Assim é, conclui, porque, apesar de ocorrer alguma
progressividade, ainda prevalecem efeitos regressivos contrários, destacando-se
as disparidades entre as regras de aposentadoria dos funcionários públicos em
comparação com os privados (autônomos e empregados). Referidas regras resultam
na captação e desproporcionada redistribuição de renda em favor dos indivíduos
mais ricos.
Em Textos para Discussão – 210 (https://bit.ly/2Ldhwjp),
o consultor legislativo Pedro Fernando Nery estampa que a aposentadoria do RPPS
da União (trabalhador público) paga em média benefícios de R$ 7.550,00, o que
corresponde a mais de 5 vezes a média dos benefícios do RGPS (trabalhador
privado) e a mais de 6 vezes a renda per capta nacional.

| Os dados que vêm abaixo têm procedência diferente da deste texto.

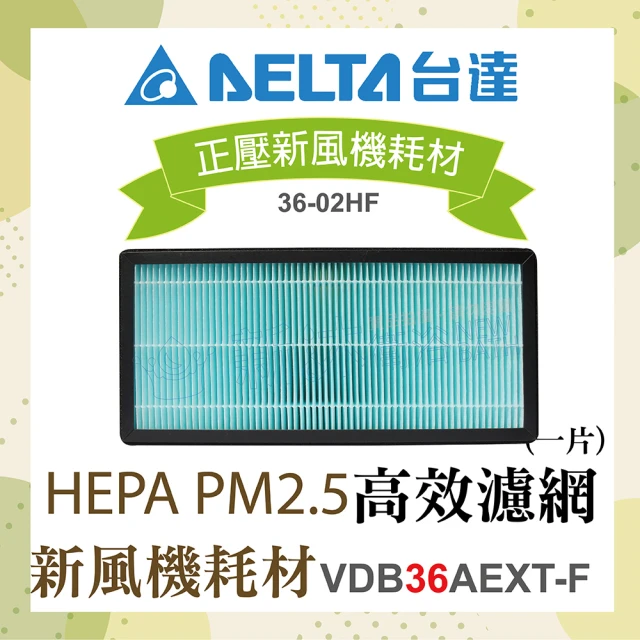 台達電子 正壓新風機耗材-HEPA PM2.5高效濾網1片(適用機型VDB36AEXT-F)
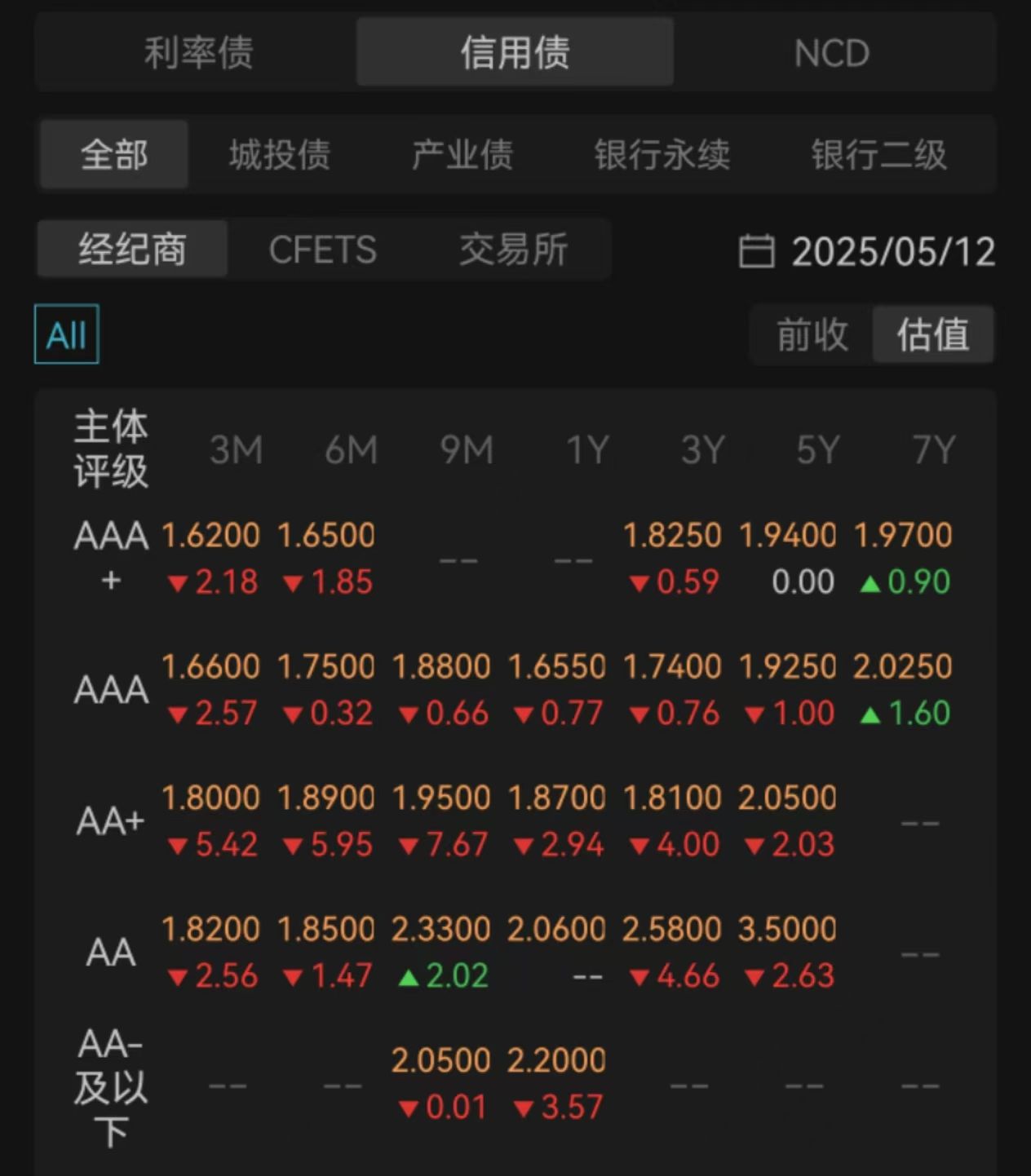 国债期货涨幅持续扩大 30年期主力合约涨0.6%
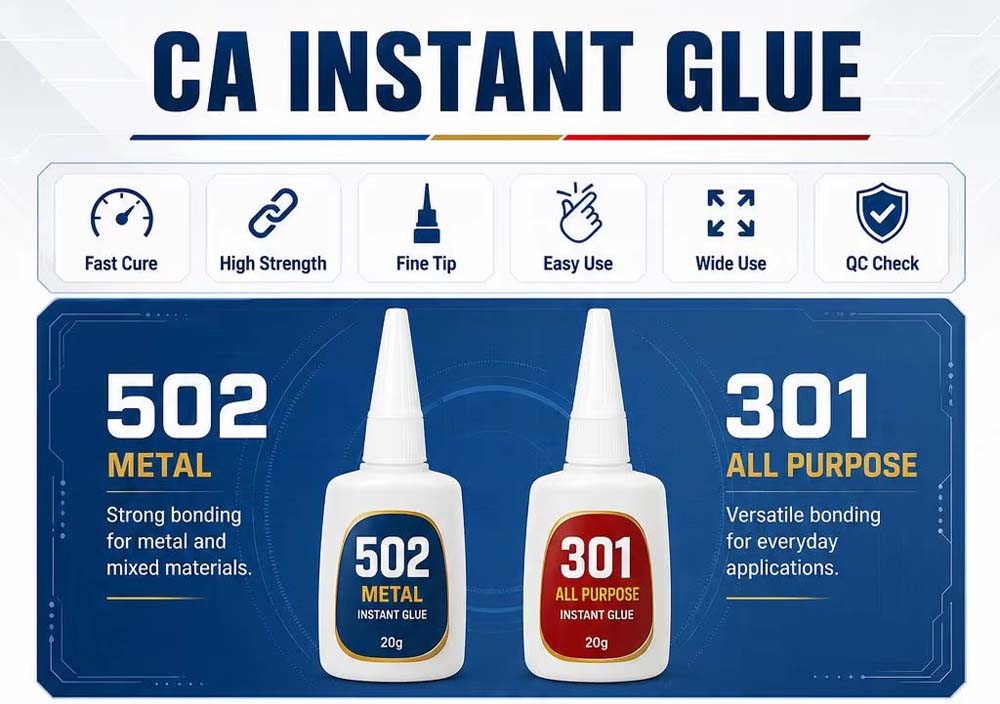 Super Glue Manufacturer Jingu Super Glue Core Highlights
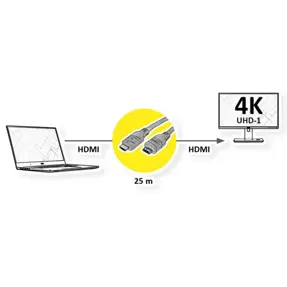 kabel-hdmi-25m-hdmi-20-4k60hz-aktivni-roline-14993454-55007-211300106.webp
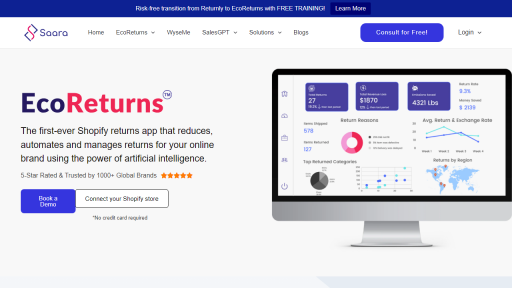 EcoReturns - AI Technology Solution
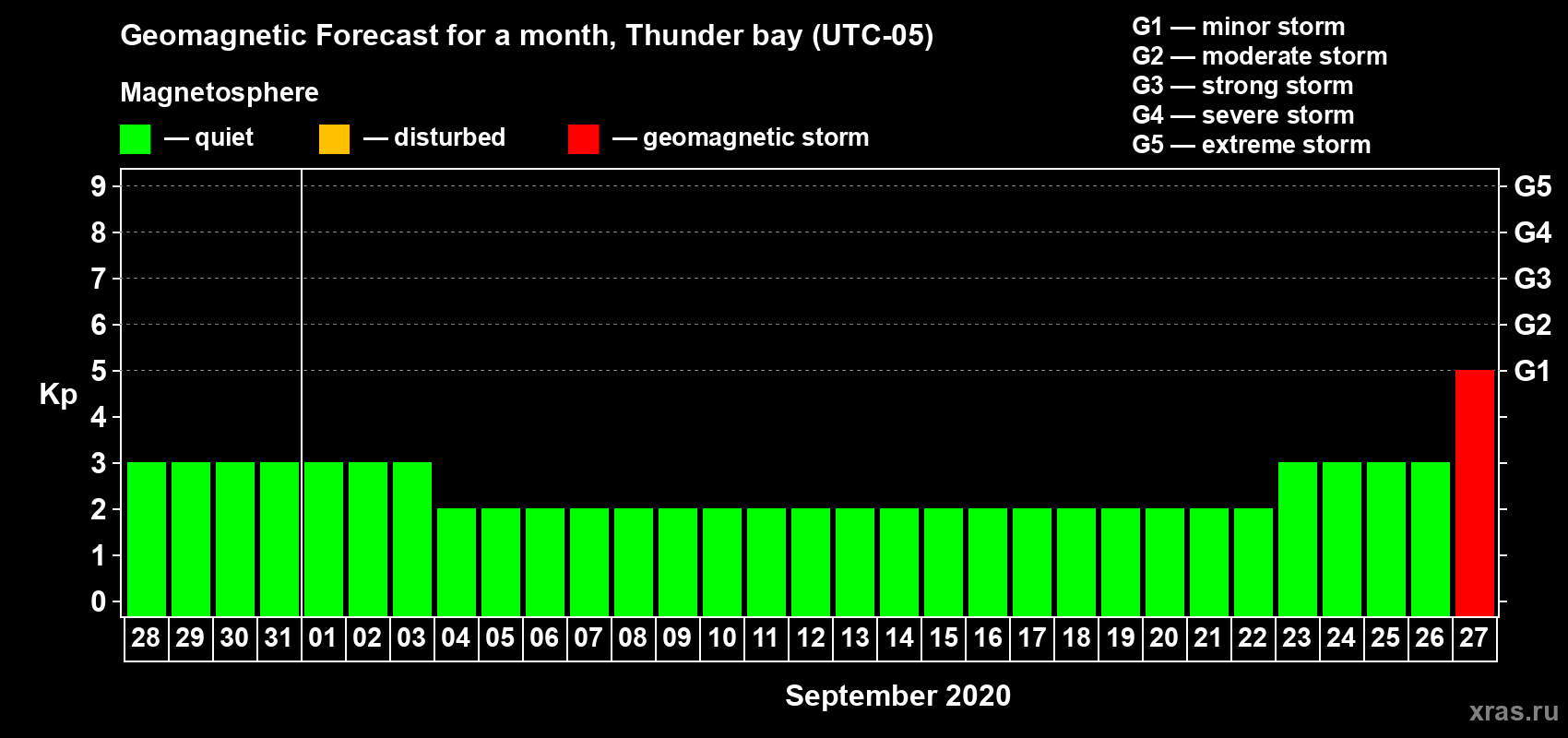 Forecast of the daily maximal value of geomagnetic index Kp for <b>1 month</b> (31 days) <b>from Aug 28, 2020 to Sep 27, 2020</b>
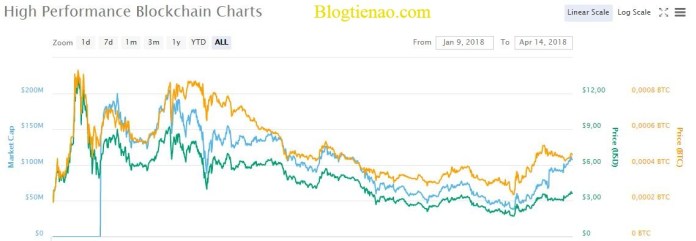 High-Performance-Blockchain-ty-gia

Conforme Nery, a aposentadoria por tempo de contribuição
é o benefício de maior valor médio do RGPS, estando 73% acima da média de outros
benefícios da Previdência (R$ 2.280,00 contra R$ 1.320,00), e é o dobro da
renda per capta nacional calculada pelo IBGE, de R$ 1.140,51. Comparativamente,
tal valor se situa 13 vezes acima da linha de pobreza do País e 26 vezes acima
da de extrema pobreza, que balizam benefícios assistenciais como o Bolsa
Família.
É pertinente
destacar que, no ano de 2012, a Lei 12.618/2012 culminou por eliminar essa
vantagem – aposentadoria integral – para os novos servidores. Mas, por um longo
período, até a lei efetivamente começar a surtir seus efeitos financeiros, os
servidores públicos, que recebem acima do teto da Previdência e compõem somente
5% dos beneficiados do INSS, ficarão com quase 20% dos recursos da Previdência
Social.
No apanhado dos fatos, o pobre aposenta-se por idade, aos
65 anos; 60% dos aposentados por idade são de baixa renda. Classe média e alta
é que se aposentam por contribuição, alcançando o teto do INSS. À maioria dos
aposentados toca a aposentadoria mínima, que é o salário mínimo.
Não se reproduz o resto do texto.